[Work instruction]
Take the lines below between the one holding "Protetor De Colchão" and the one holding "Jane Austen's Lady", inclusive, and copy them exactly. Add nothing.

━━━━━━━━━━━━━━━━━━━━

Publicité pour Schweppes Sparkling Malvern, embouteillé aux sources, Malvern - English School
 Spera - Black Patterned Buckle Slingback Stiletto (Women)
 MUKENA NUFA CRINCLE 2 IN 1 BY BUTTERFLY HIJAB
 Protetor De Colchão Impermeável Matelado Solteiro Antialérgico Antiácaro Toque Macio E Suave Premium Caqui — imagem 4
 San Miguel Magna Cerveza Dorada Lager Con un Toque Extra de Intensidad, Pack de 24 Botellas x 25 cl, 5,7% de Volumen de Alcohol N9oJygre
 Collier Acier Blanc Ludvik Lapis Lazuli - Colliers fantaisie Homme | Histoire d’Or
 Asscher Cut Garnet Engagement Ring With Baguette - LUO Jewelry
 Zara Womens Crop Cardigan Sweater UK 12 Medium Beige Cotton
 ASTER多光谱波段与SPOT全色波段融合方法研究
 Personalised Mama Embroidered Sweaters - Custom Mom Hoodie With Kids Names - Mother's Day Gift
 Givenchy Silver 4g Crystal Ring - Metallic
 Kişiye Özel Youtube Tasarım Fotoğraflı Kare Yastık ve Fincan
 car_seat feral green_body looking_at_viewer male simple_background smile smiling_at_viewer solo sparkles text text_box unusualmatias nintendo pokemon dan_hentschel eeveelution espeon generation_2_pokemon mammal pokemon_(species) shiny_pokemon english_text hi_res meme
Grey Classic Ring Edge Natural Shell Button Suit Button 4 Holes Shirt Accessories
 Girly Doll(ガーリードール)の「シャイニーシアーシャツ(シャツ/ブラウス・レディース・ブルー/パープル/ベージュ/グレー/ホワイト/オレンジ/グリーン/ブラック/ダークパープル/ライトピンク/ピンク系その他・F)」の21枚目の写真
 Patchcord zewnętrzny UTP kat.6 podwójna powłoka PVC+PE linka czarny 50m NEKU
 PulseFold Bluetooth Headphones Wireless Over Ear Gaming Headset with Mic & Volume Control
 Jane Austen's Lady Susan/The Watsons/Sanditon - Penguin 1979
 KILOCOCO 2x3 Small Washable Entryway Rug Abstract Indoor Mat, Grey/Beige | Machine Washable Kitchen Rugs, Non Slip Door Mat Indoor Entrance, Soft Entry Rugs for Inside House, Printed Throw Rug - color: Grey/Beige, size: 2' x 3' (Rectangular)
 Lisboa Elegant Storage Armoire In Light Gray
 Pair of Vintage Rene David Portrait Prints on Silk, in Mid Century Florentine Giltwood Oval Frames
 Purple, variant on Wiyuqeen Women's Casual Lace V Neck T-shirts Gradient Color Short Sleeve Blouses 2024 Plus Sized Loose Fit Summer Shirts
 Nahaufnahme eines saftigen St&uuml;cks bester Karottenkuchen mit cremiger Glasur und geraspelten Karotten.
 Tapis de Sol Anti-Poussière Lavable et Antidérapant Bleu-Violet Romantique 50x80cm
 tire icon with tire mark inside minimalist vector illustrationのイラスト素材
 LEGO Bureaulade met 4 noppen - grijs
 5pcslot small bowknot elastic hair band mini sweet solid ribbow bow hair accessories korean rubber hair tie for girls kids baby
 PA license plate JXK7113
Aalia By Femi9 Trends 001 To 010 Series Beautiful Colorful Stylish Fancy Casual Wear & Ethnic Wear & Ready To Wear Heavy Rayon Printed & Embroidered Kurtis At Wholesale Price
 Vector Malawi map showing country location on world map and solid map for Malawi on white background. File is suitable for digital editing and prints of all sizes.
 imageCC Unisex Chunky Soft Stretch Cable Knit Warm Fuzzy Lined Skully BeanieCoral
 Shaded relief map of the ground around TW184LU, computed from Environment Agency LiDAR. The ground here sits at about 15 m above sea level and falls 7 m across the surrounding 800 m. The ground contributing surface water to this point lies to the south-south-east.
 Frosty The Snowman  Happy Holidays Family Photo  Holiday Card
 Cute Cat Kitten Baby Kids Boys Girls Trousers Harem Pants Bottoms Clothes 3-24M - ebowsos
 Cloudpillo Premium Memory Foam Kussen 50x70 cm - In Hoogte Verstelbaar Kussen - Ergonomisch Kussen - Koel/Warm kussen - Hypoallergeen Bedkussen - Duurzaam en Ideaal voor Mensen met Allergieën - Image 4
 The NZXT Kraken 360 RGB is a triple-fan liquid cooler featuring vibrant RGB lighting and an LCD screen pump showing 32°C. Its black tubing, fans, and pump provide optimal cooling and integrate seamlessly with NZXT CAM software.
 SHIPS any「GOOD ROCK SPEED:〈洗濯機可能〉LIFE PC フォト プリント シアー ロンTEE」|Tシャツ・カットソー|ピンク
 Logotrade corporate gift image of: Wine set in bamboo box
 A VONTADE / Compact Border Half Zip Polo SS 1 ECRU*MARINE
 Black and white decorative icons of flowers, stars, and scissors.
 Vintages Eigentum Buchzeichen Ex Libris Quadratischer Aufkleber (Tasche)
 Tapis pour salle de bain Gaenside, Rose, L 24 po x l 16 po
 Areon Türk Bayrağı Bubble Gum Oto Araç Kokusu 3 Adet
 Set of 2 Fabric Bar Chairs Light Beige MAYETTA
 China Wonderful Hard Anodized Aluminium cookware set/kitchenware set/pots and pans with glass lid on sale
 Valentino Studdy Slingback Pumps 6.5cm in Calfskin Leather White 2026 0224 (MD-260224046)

━━━━━━━━━━━━━━━━━━━━

[Task response]
 Protetor De Colchão Impermeável Matelado Solteiro Antialérgico Antiácaro Toque Macio E Suave Premium Caqui — imagem 4
 San Miguel Magna Cerveza Dorada Lager Con un Toque Extra de Intensidad, Pack de 24 Botellas x 25 cl, 5,7% de Volumen de Alcohol N9oJygre
 Collier Acier Blanc Ludvik Lapis Lazuli - Colliers fantaisie Homme | Histoire d’Or
 Asscher Cut Garnet Engagement Ring With Baguette - LUO Jewelry
 Zara Womens Crop Cardigan Sweater UK 12 Medium Beige Cotton
 ASTER多光谱波段与SPOT全色波段融合方法研究
 Personalised Mama Embroidered Sweaters - Custom Mom Hoodie With Kids Names - Mother's Day Gift
 Givenchy Silver 4g Crystal Ring - Metallic
 Kişiye Özel Youtube Tasarım Fotoğraflı Kare Yastık ve Fincan
 car_seat feral green_body looking_at_viewer male simple_background smile smiling_at_viewer solo sparkles text text_box unusualmatias nintendo pokemon dan_hentschel eeveelution espeon generation_2_pokemon mammal pokemon_(species) shiny_pokemon english_text hi_res meme
Grey Classic Ring Edge Natural Shell Button Suit Button 4 Holes Shirt Accessories
 Girly Doll(ガーリードール)の「シャイニーシアーシャツ(シャツ/ブラウス・レディース・ブルー/パープル/ベージュ/グレー/ホワイト/オレンジ/グリーン/ブラック/ダークパープル/ライトピンク/ピンク系その他・F)」の21枚目の写真
 Patchcord zewnętrzny UTP kat.6 podwójna powłoka PVC+PE linka czarny 50m NEKU
 PulseFold Bluetooth Headphones Wireless Over Ear Gaming Headset with Mic & Volume Control
 Jane Austen's Lady Susan/The Watsons/Sanditon - Penguin 1979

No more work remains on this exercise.